At one point, veteran trainer Starhawk and Training for Change assembled an international group of activist trainers together to consider how we could be more helpful to the mass confrontations that followed the Battle of Seattle in 1999. We met in Starhawk’s attic in San Francisco. Before long, the group went into chaos. I completely forgot Peck’s theory and was as chaotic and clueless as everyone else — until we suddenly stepped through the threshold into community. Then I remembered the theory!

That’s when I realized that the growth that happens in conflict is not fundamentally about ideas and reason. The emotional dimension is key — which is bad news to some, and good news to others. One influence on whether it’s good or bad news has to do with social class.

Class conditioning and conflict

I’ll risk a generalization: Middle and owning class people are more uncomfortable with conflict than working class people.
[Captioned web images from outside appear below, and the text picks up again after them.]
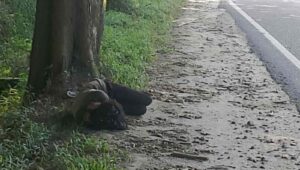Pengaduan Melalui Call Center 110: ODGJ Tertidur di Jalan Tanjakan Bukit Tujuh Dianiaya Polisi, Situasi Aman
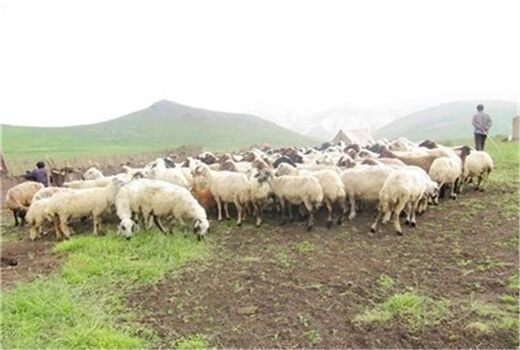 تولیدات عشایری خراسان شمالی با استفاده از دانش نوین به۸۳۰۰ تن رسید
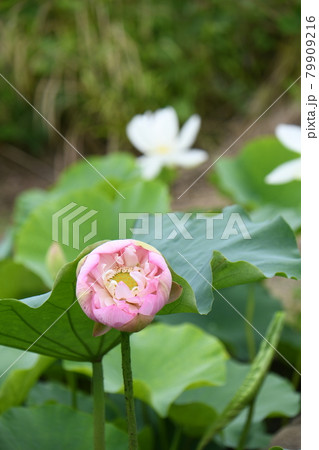 蓮の花（賽仏座） 79909216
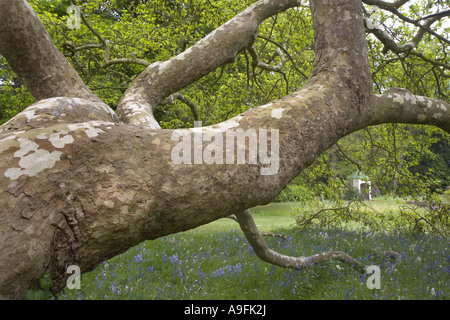 London Plane Tree x Piatanus hispanicus Stock Photo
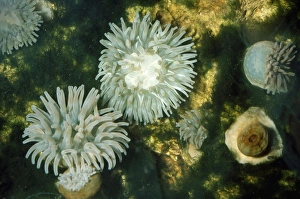 Images Dated 17th April 2007: Dahlia Anemone North Sea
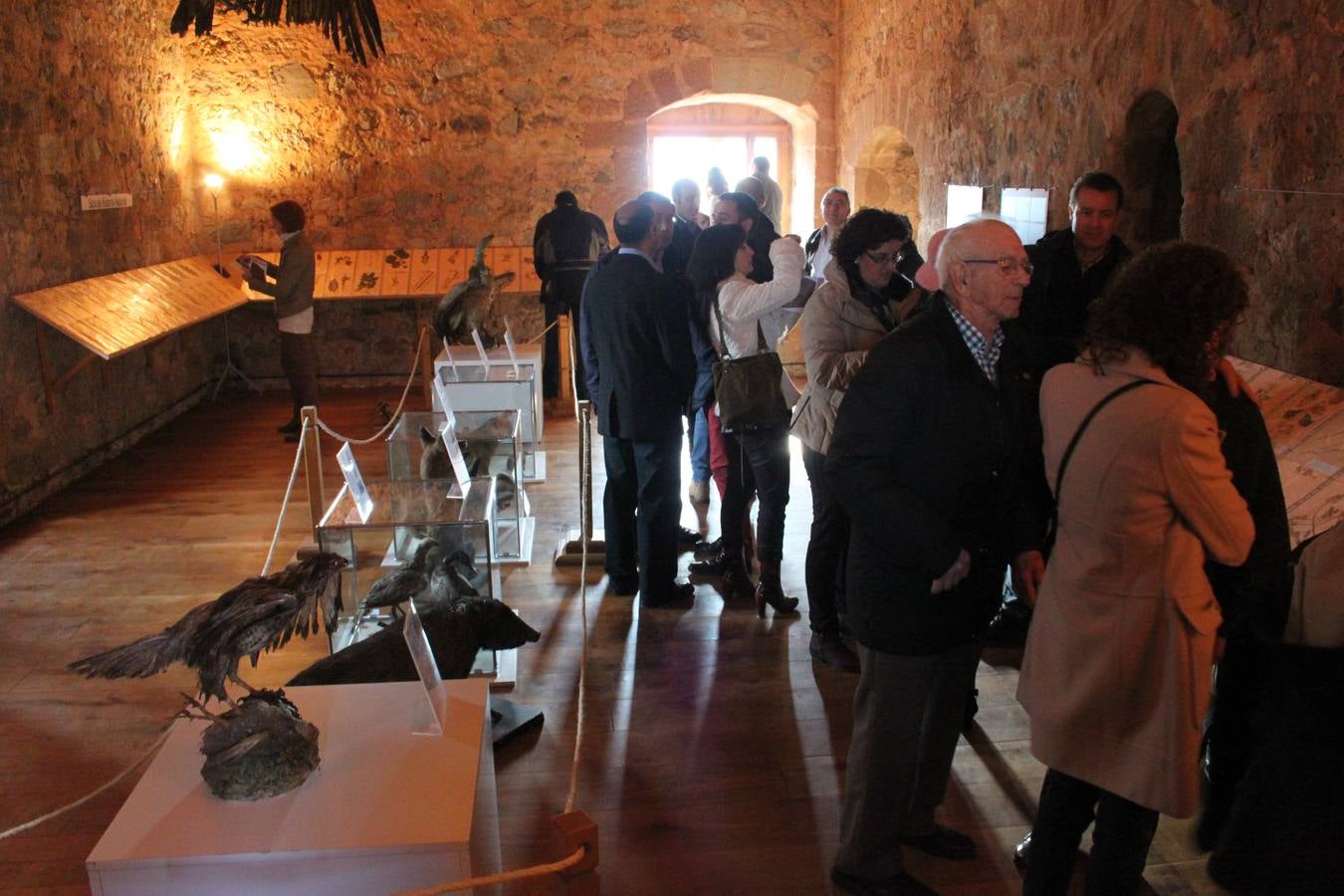 Inauguración de la cuarta fase del castillo de Préjano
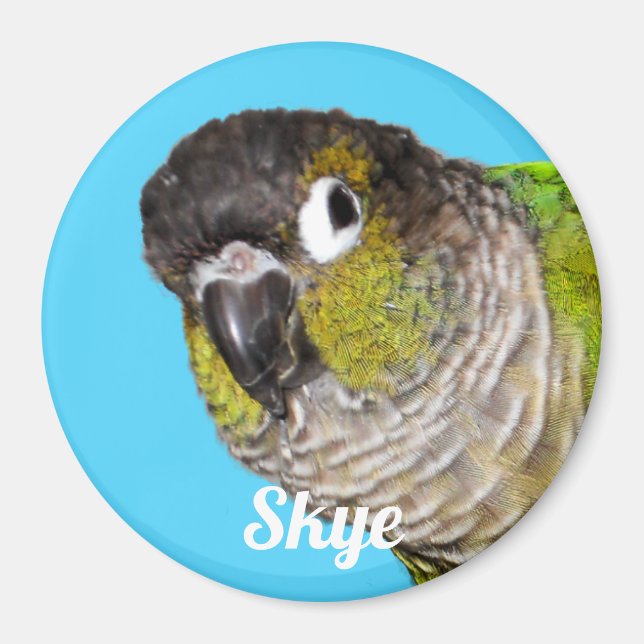 Íman Nome de Foto de Ave de Estimação Personalizada (Frente)
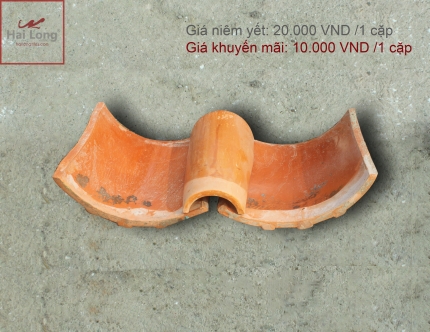 Sản phẩm giảm giá 50% 02 Sản phẩm giảm giá 50% 01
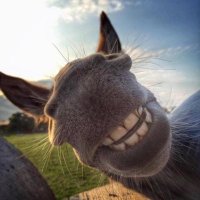 ClarenceTheMule💙🐴 💛(@ClarenceFraser) 's Twitter Profile Photo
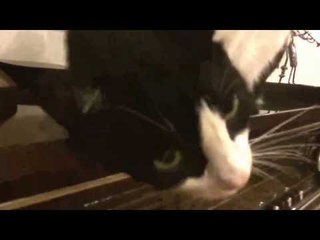 Kedi Niyeti Bozdu, Hedef Belli...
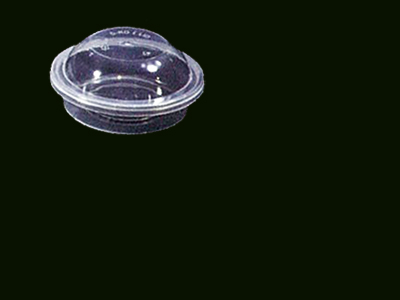 Container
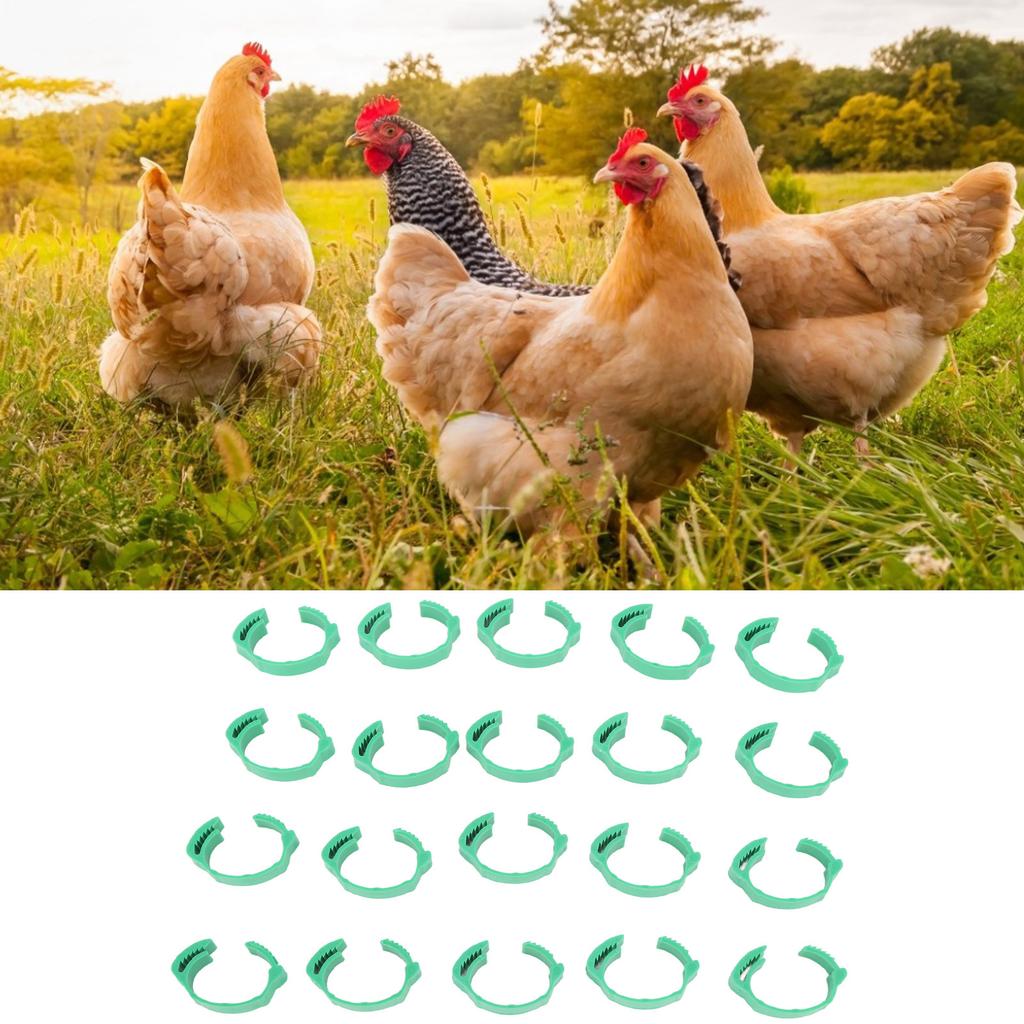 100pcs Chicken Identification Leg Bands Clip On Bands for Geese Pigeons Green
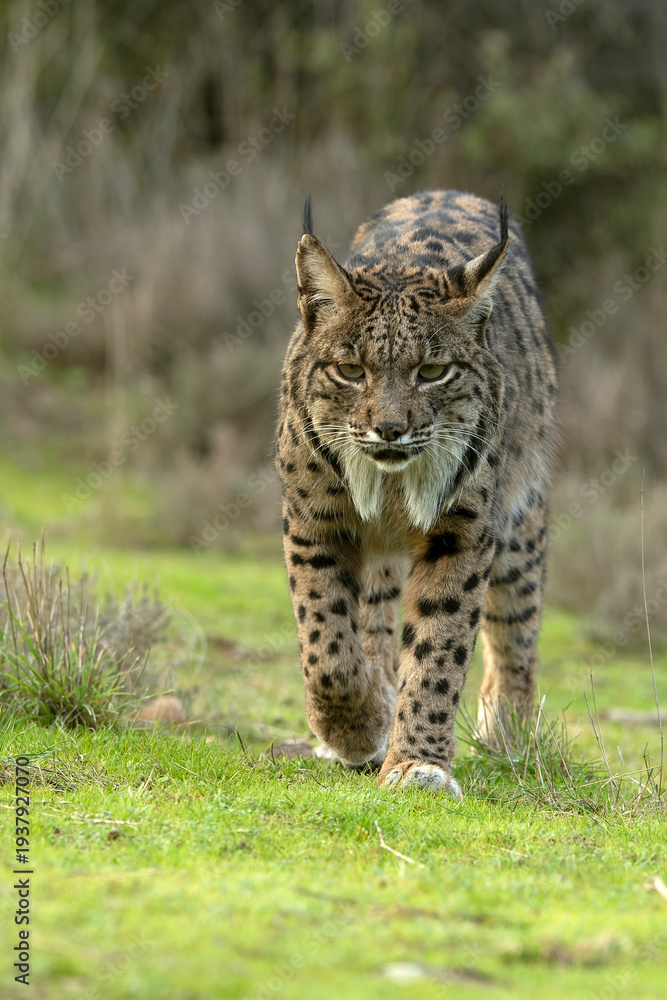 Fototapeta premium Adult female Iberian Lynx in her territory within a Mediterranean forest of pines and oaks at first light on a winter day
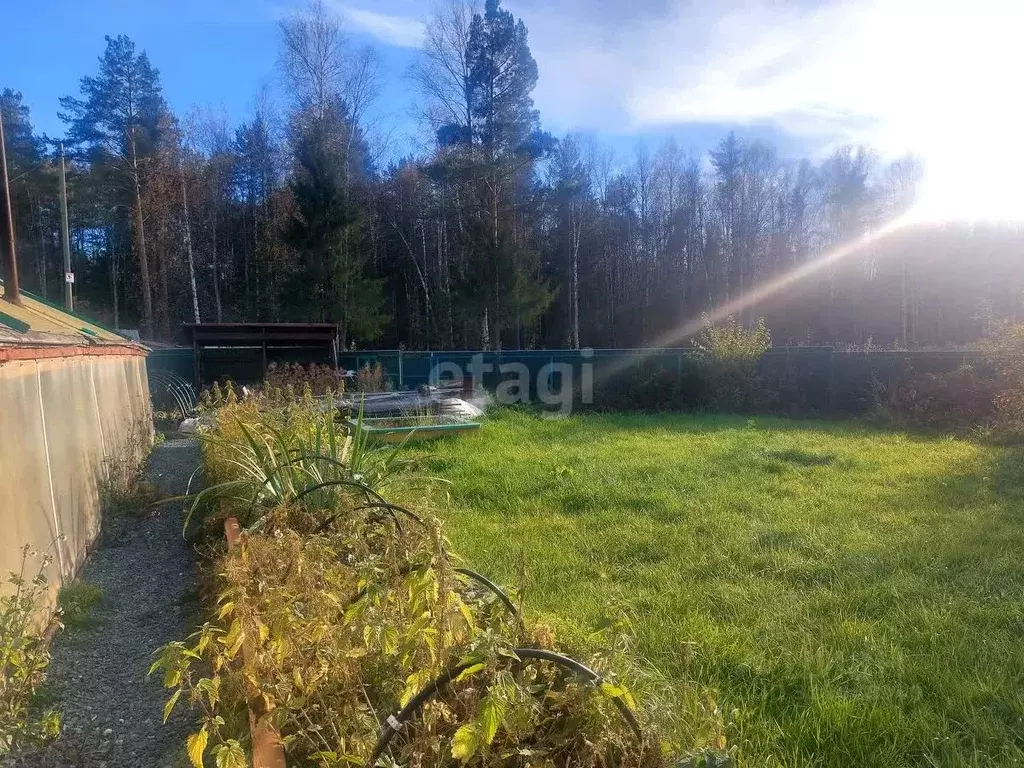 Участок в Свердловская область, Кушва  (12.4 сот.) - Фото 1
By “middle class,” I don’t mean what politicians mean, because they code the phrase to signify employed working class people. I mean middle managers, teachers, small business owners who have to run their own businesses, professionals including lower-tier doctors and engineers. The economic function of the middle class is to manage, teach, fix and design jobs for the working class.

Why does middle class conditioning include conflict aversion? The economic purpose of middle class people’s socialization is to prepare them for middle class jobs. Do you know a management or teaching job where the way to get ahead is to have a fair amount of turbulence going on among the people you supervise or within your classroom? Middle class jobs emphasize smoothness, rationality, calming the waters, linear progress, appearing “in charge.” That’s the goal of owning class socialization, too. So how can people brought up that way really appreciate — let alone participate in — a good fight?

The couples counselor George Bach wrote a book about the importance of conflict for relationships called The Intimate Enemy. He wrote it after he found that many couples most needed to learn the skill of fighting with each other in order to regain intimacy.

I remember an international, week-long training seminar I led in which the large majority of the 35 participants were people of color. But it was the white people who did most of the talking, until the third day. That was the day I confronted a know-it-all white participant who was trying to dominate the proceedings; he and I had a grand fight which ended with him stalking out of the room and leaving the course.

After a short debriefing with all the participants about what had happened, we went to lunch and convened small breakout groups. I chatted with an education professor from a nearby university who had come to observe my work. She said, “I observe that you have seven small groups going; at this moment in every single one it’s a person of color who’s talking.”

“Right,” I agreed.

“Has it been that way each day?”

“No, it’s been the usual drill of white people hogging the time. What has changed is that we had a fight this morning.”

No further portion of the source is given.